Shelby County teachers recognized as finalists for Presidential Awards for Excellence in math and science
By GRAHAM BROOKS / Staff Writer
MONTGOMERY–Shelby County Schools recently had two teachers recognized for their hard work and dedication to the teaching profession.
Oak Mountain Elementary School teacher Jennifer Northrup and Helena Intermediate School math teacher Natalie Landrum were recognized as finalists for the Presidential Awards for Excellence in Mathematics and Science Teaching at the March 9, board meeting in Montgomery.
Northrup and Landrum were among eight nominees in the state as both were nominated as outstanding math instructors.
The Presidential Award for Excellence in Mathematics and Science Teaching was established by Congress in 1983 and is the highest recognition that a K-12 mathematics or science teacher may receive for outstanding teaching in the United States.
Landrum has been a teacher at Helena Intermediate for 15 years.
“It really was an honor to be nominated and I didn’t realize at the beginning what I was getting into,” Landrum said. “Principal Paiml nominated me last year and submitted an application, and then last summer I looked at what was involved and it was a big deal. The winner goes to Washington and wins $10,000 and it puts your foot in the door to be a spokesperson for math or science in our state. It was a really big honor to be chosen from our school because we have so many good math teachers here and we all work together all the time.”
Teachers are nominated from each of the 50 states and if chosen as a recipient for the award, the winner will receive a certificate signed by the President of the United States, a paid trip to Washington, D.C., a $10,000 award from the National Science Foundation and an opportunity to build partnerships from colleagues from across the nation.
Landrum said her favorite thing about teaching fourth grade math was fractions.
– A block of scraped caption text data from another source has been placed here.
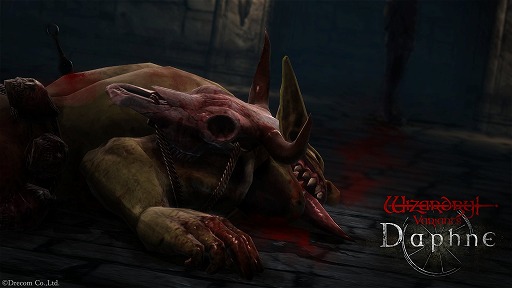 ���������꡼ No.002�Υ���ͥ������ / ��Wizardry Variants Daphne�ס������ȡ�Ǧ�ԡ��ɲä�ȯɽ�����Ҥ��Ҥ⤳�ʤ��롤����ΰŻ����ò���������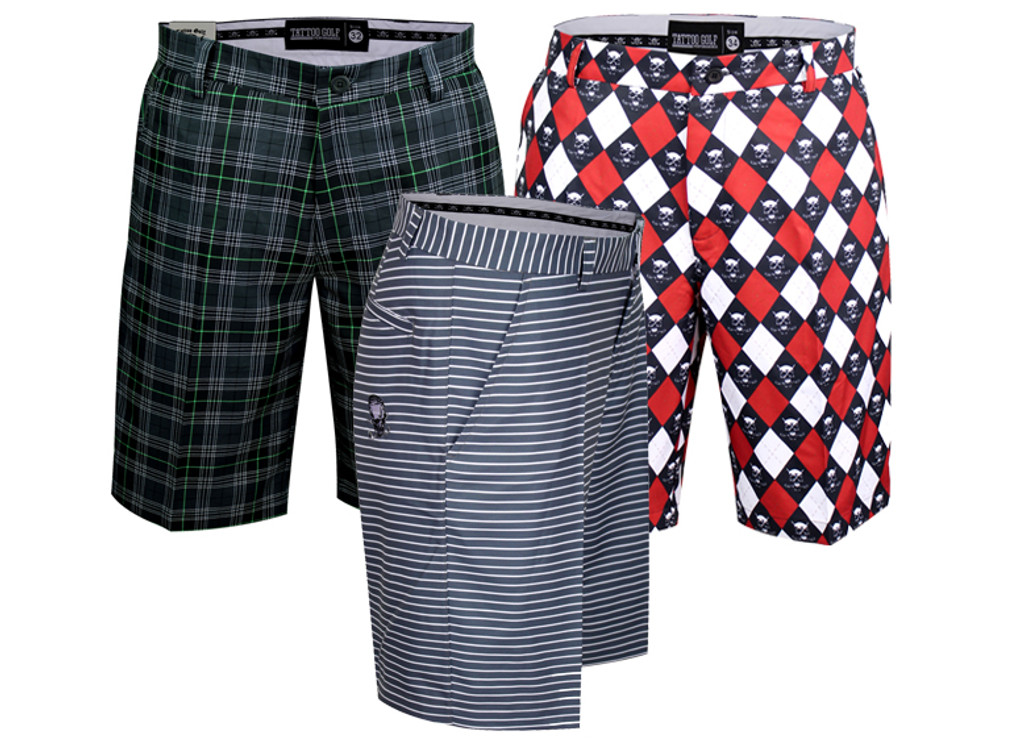More Golf Shorts Ready For Pick Up!!!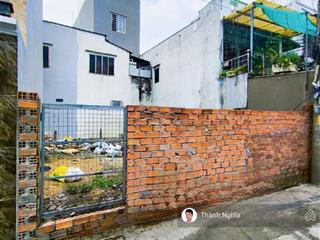 Cực hiếm! đất 66m2 ngang 5.9m nở hậu 6.9m, đường ô tô thông, gần lê văn thịnh chỉ 6.x tỷ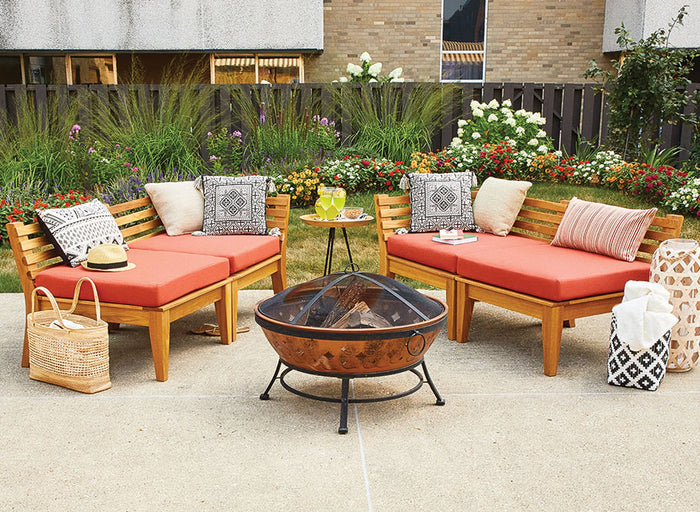 Modular Patio Furniture Woodworking Plans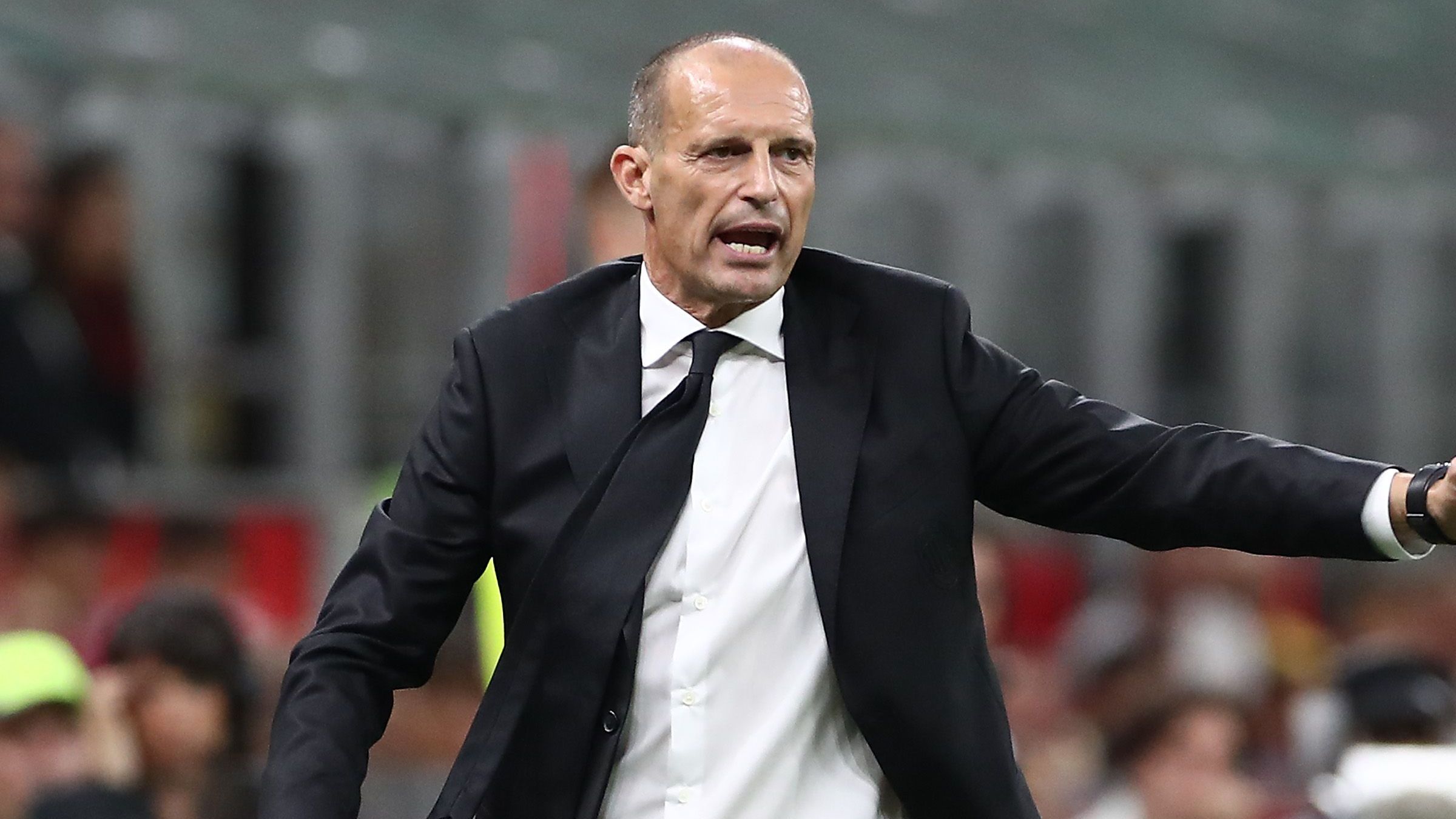Allegri Denies Rabiot Negotiations Amid Marseille Dispute and Reaffirms No Approach for Vlahovic Move to AC Milan as Juventus Striker Navigates Transfer Uncertainty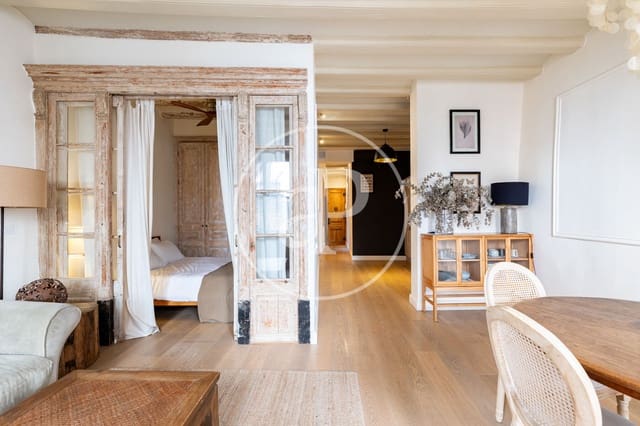 1 quarto Apartamento para venda em El Barri Gòtic, Barcelona cidade - 350 000 € (Ref: 9957969)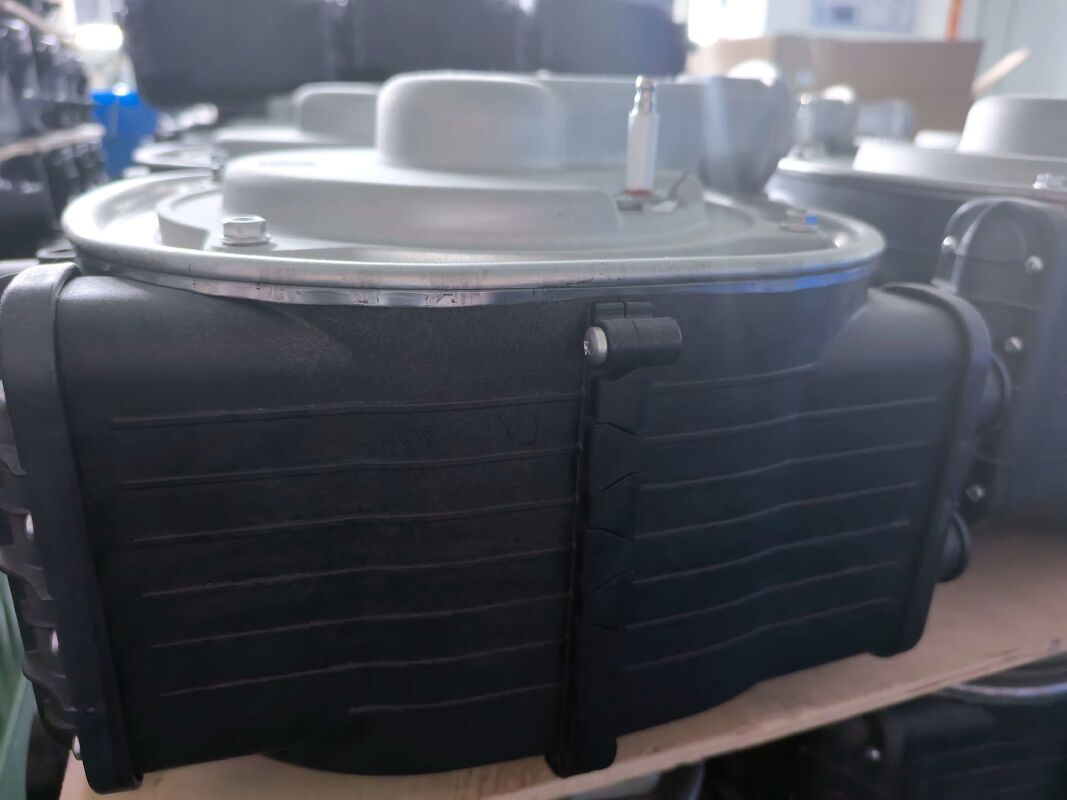 Corrosion Resistant 24-48KW Stainless Steel Heat Exchangers For Residential And Commercial Boiler Heating Systems
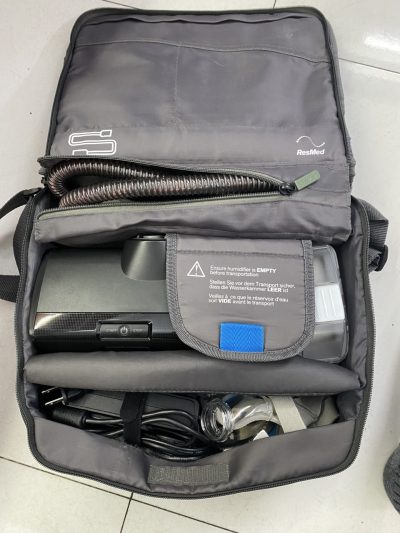 Máy thở AirSense 10 AutoSet APAP - Hỗ trợ thở tại nhà - Hình ảnh 5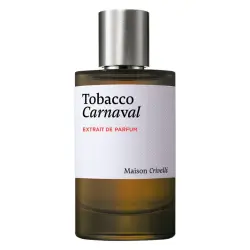 Extrait de Parfum Tobacco Carnaval Maison Crivelli (Isolée)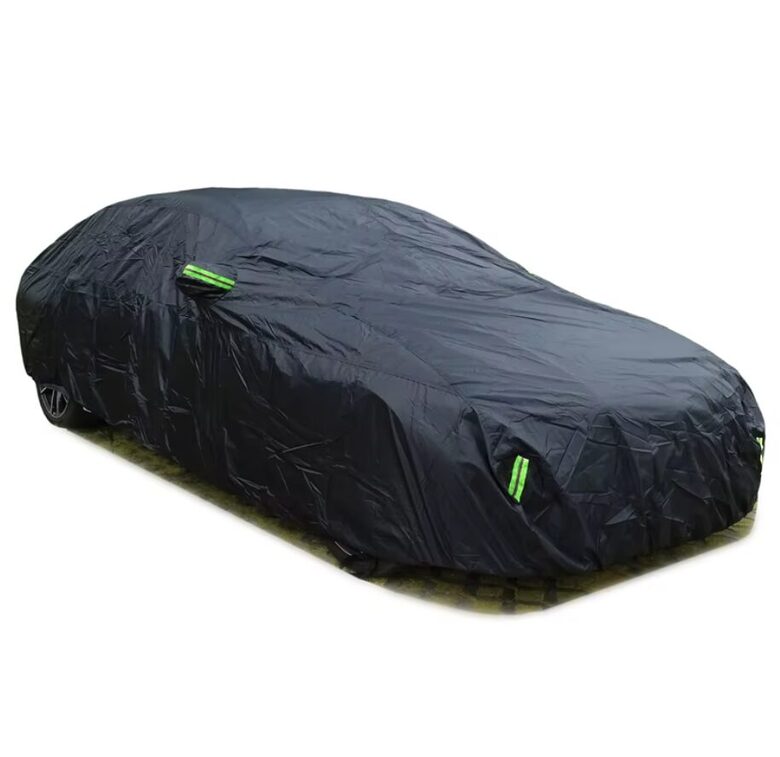 Auto pārsegs virsbūves pārvalks XL 490x180x150 cm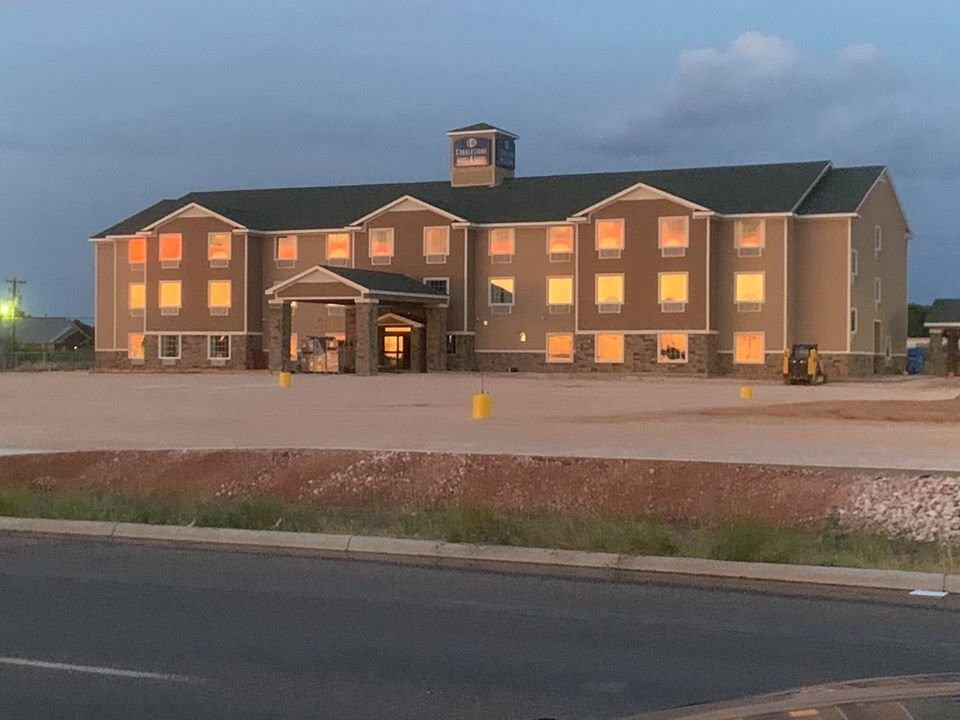 Seminole酒店住宿-Cobblestone Hotel & Suites - Andrews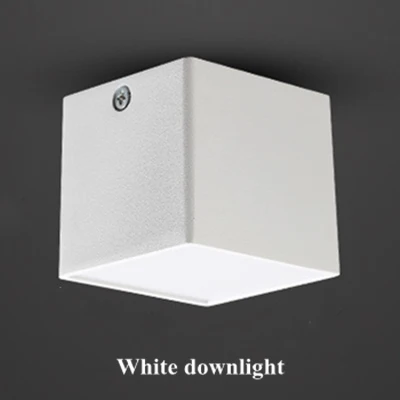 plafonnier led créatif design moderne pour intérieur - Image 10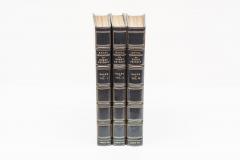 3 Volumes J Ralfe The Naval Chronology of Great Britain - 4021337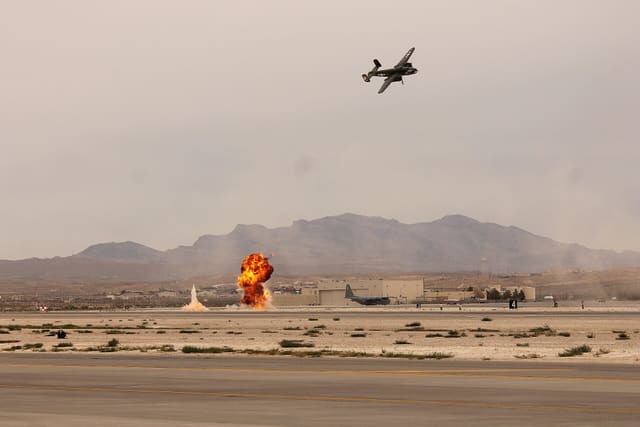  - Warbird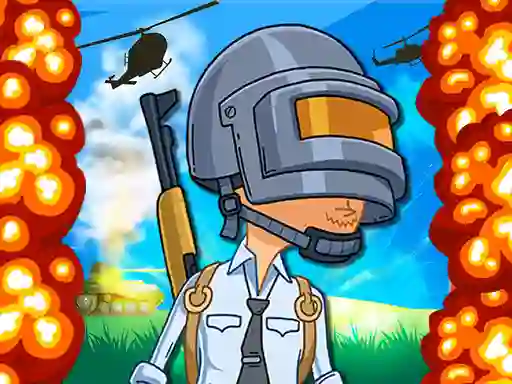 Juego PUBG Surviver en línea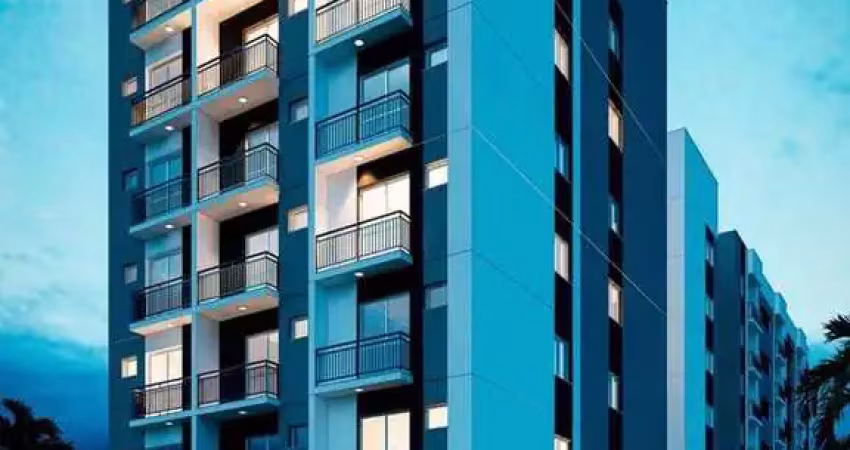 Jf & bosque lucrécia | construtora jfilho | construção | 40 metros | 02 dormitórios | com varanda | sem vaga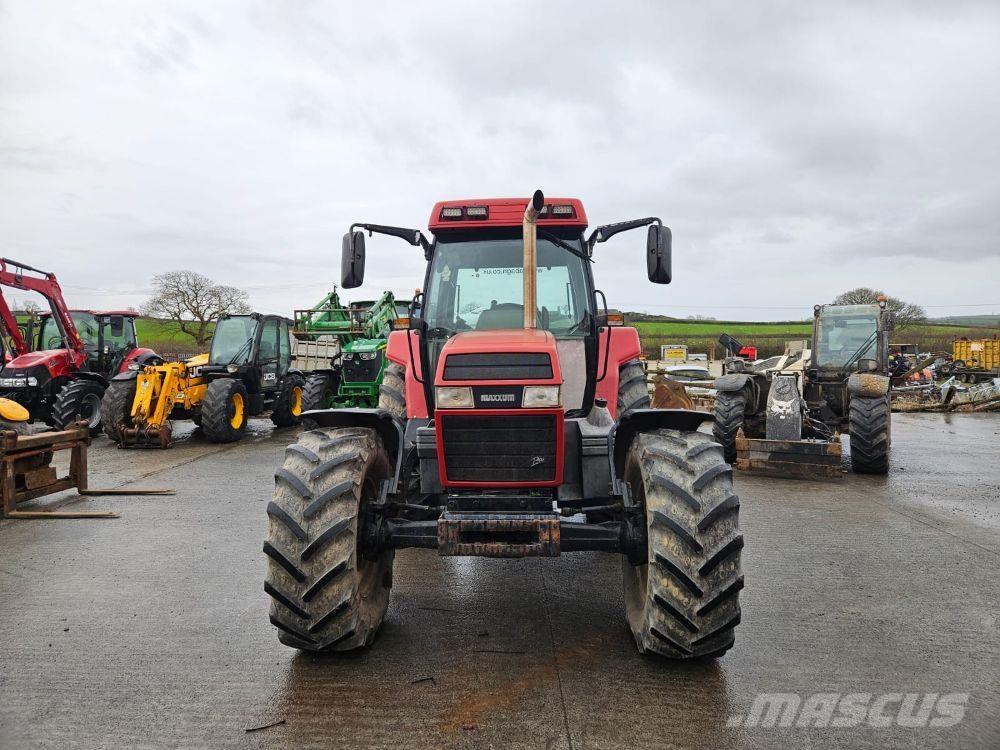 Case IH 5140 Pro Traktory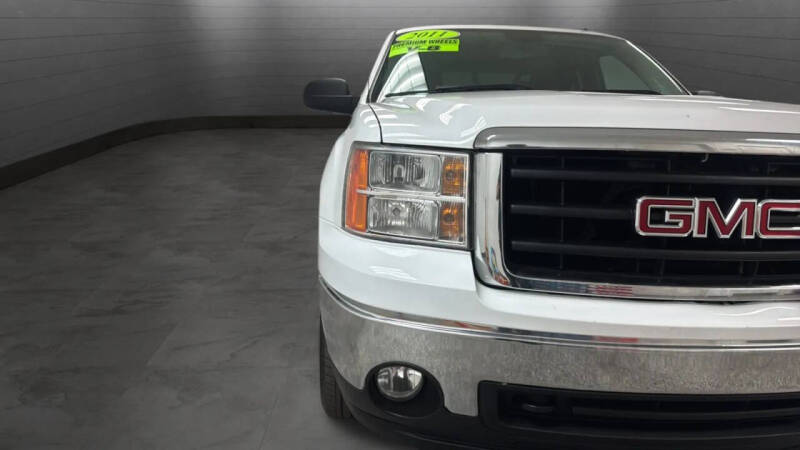 2011 GMC Sierra 1500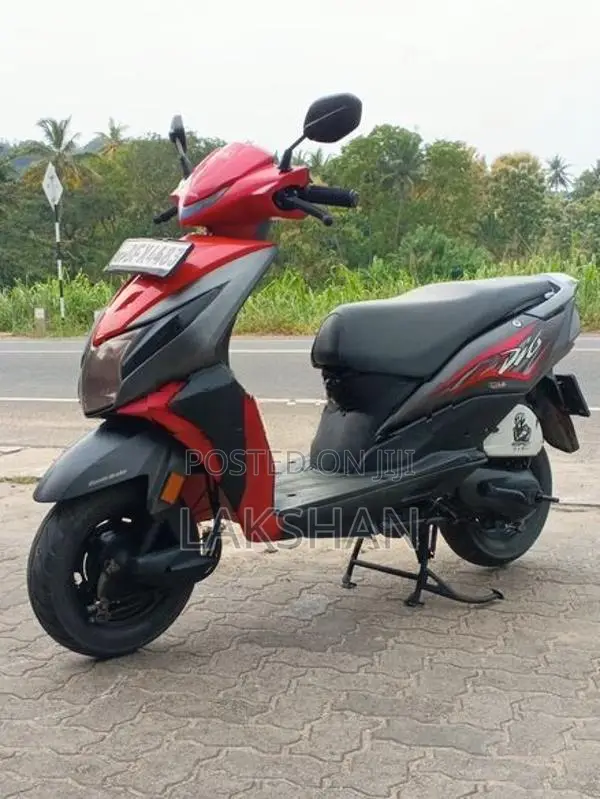 Honda Dio 2021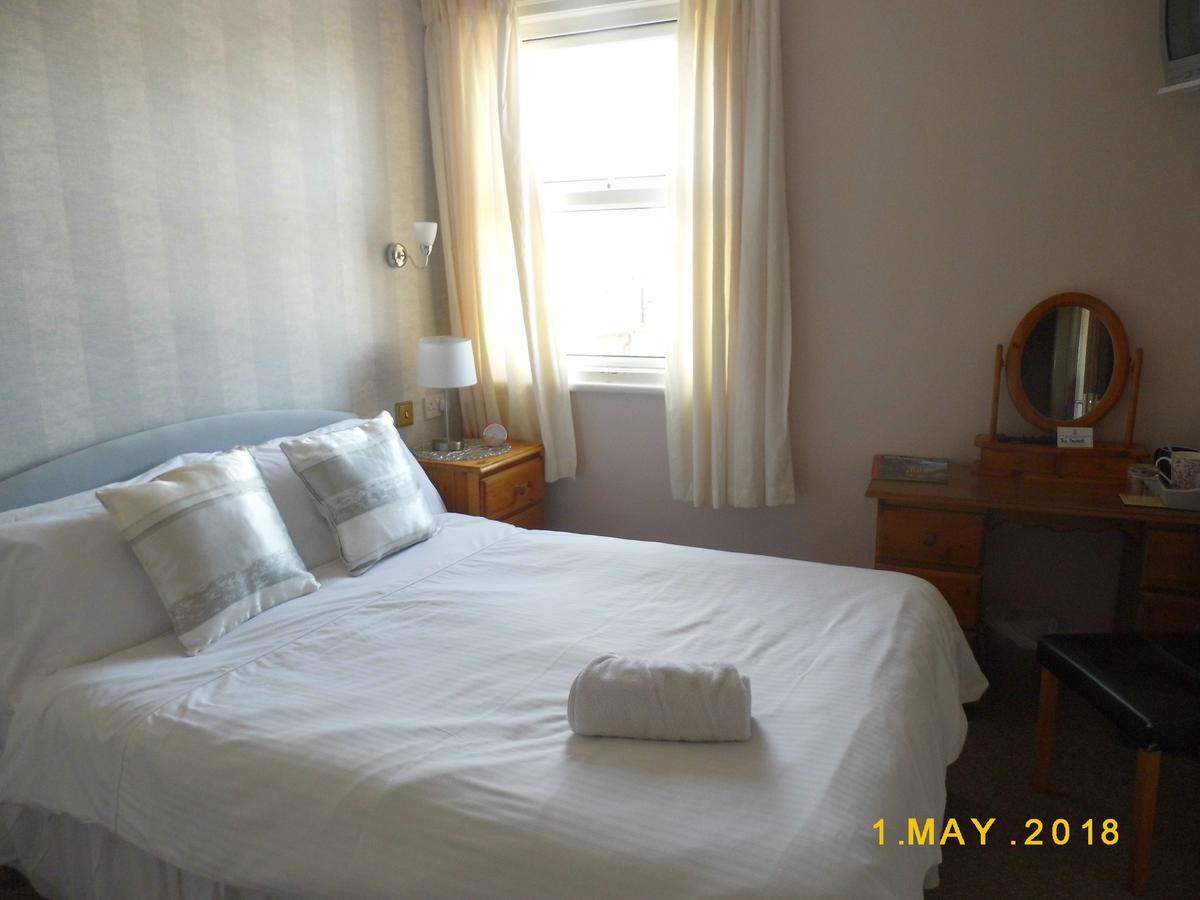 The Beckett Guest House ยอร์ค ภายนอก รูปภาพ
“I really like teaching fourth grade fractions because it was something I struggled with as kid,” Landrum said. “I enjoy it because I’ve learned so many ways to teach it so they can understand and grasp it. That’s something I missed when I was younger and I think it gives them confidence when they learn fractions. When it comes through and they figure it out they can apply it. If you go into middle school and high school math with confidence it makes a big difference.”